Cameron Fairfull [00:26:00]:
It allows you to do some additional investigation and response features. It also comes with some attack simulation training and a couple of features that allow you to further interrogate the emails that are coming into your organization and take action against those emails that may have made it through to a mailbox or multiple users mailboxes because they initially seemed legitimate, but on further inspection, they were not. And it allows you to go and move those emails out of a user’s mailbox and to their deleted items or into quarantine or something similar to that. And the other piece that it allows you to do is some specific seam integrations for automated investigation and remediation if you have more or additional security measures put in place for your tenant. And then the next part of defender is defender for endpoint. And so this is more like your traditional antivirus, but a little bit better. So the base level of defender for endpoint will do all of your standard antivirus protections. It now does ransomware protection as well, and it uses the Microsoft machine learning in the background to be able to look at all of the information that is coming from your endpoint and determine whether that is safe or whether it is malicious and something that needs to be prevented or investigated further.
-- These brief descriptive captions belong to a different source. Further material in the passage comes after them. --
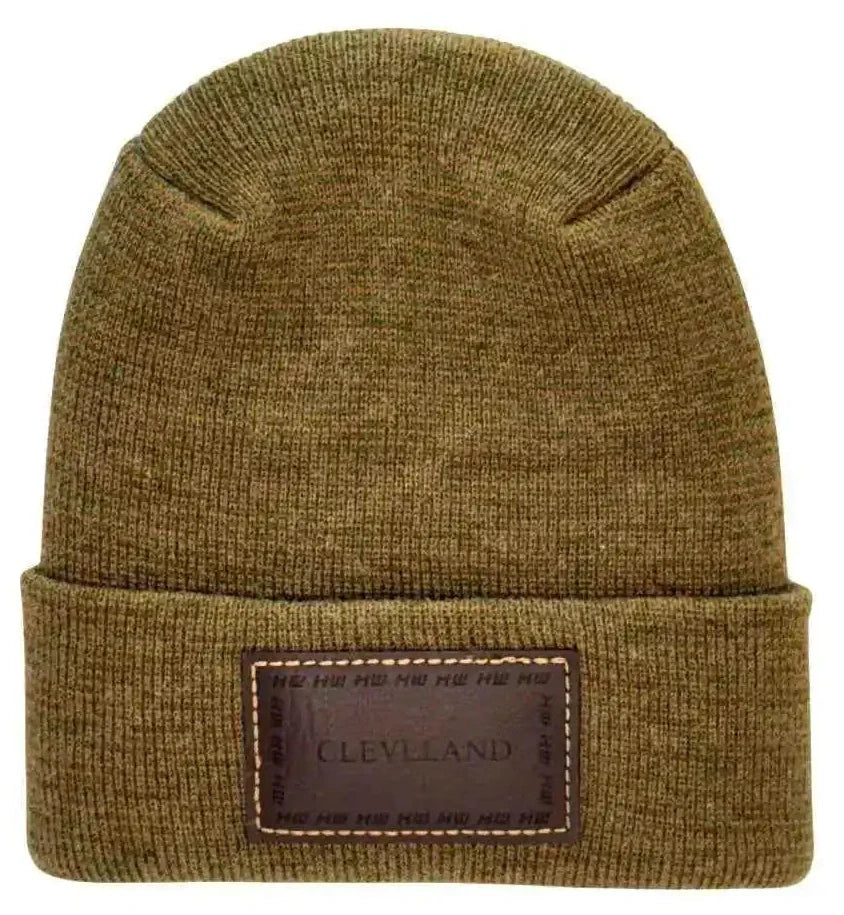 Cleveland, H Stitch Cuffed Beanie,  Brown and Green Fusion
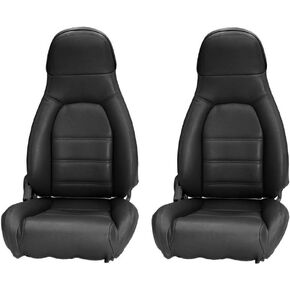 Compatible with Mazda Miata Front Seat Cover Kit Standard Seats Black Leatherette 1990-1996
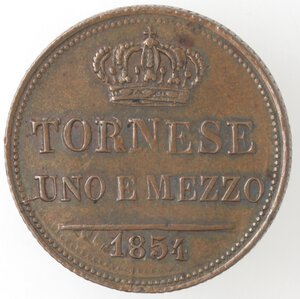 reverse: Napoli. Ferdinando II. 1830-1859. 1,5 Tornesi 1854. Ae. 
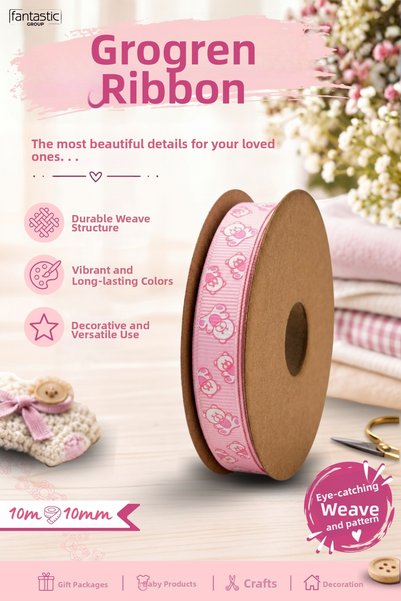 FANTASTIC KURDELE Baby Themed Grosgrain Ribbon 10 mm X 10 Meters – Baby Showe...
Cameron Fairfull [00:27:49]:
Again, defender for endpoint comes in two iterations. For the licensing, there is defender for endpoint plan one and defender for endpoint plan two. And they literally differentiate between the amount of features that you have with your licensing and the application. Defender for endpoint in plan one or plan two comes with your next generation protection for anti malware and antivirus. You can do manual response actions so you can send files to quarantine. You can do detections on a device. It will let you do attack surface reduction. And attack surface reduction is something that allows you to harden your devices so it can prevent things from like zero day attacks.

Cameron Fairfull [00:28:50]:
So they’re an attack that is brand new. Not many people know about, or not many of the security firms know about, and they’re still working out how to protect you against them. But it can see those particular behaviors that might come with some sort of an attack like that. And attack surface reduction will let you reduce the, the actual chance of them being able to do anything malicious on your device. Centralized configuration and management is very handy. So you can do that through the Microsoft Defender portal, or you can do that through Microsoft Intune if you are managing your devices through intune as well. And it also protects a number of different platforms. So it’s not just Windows devices.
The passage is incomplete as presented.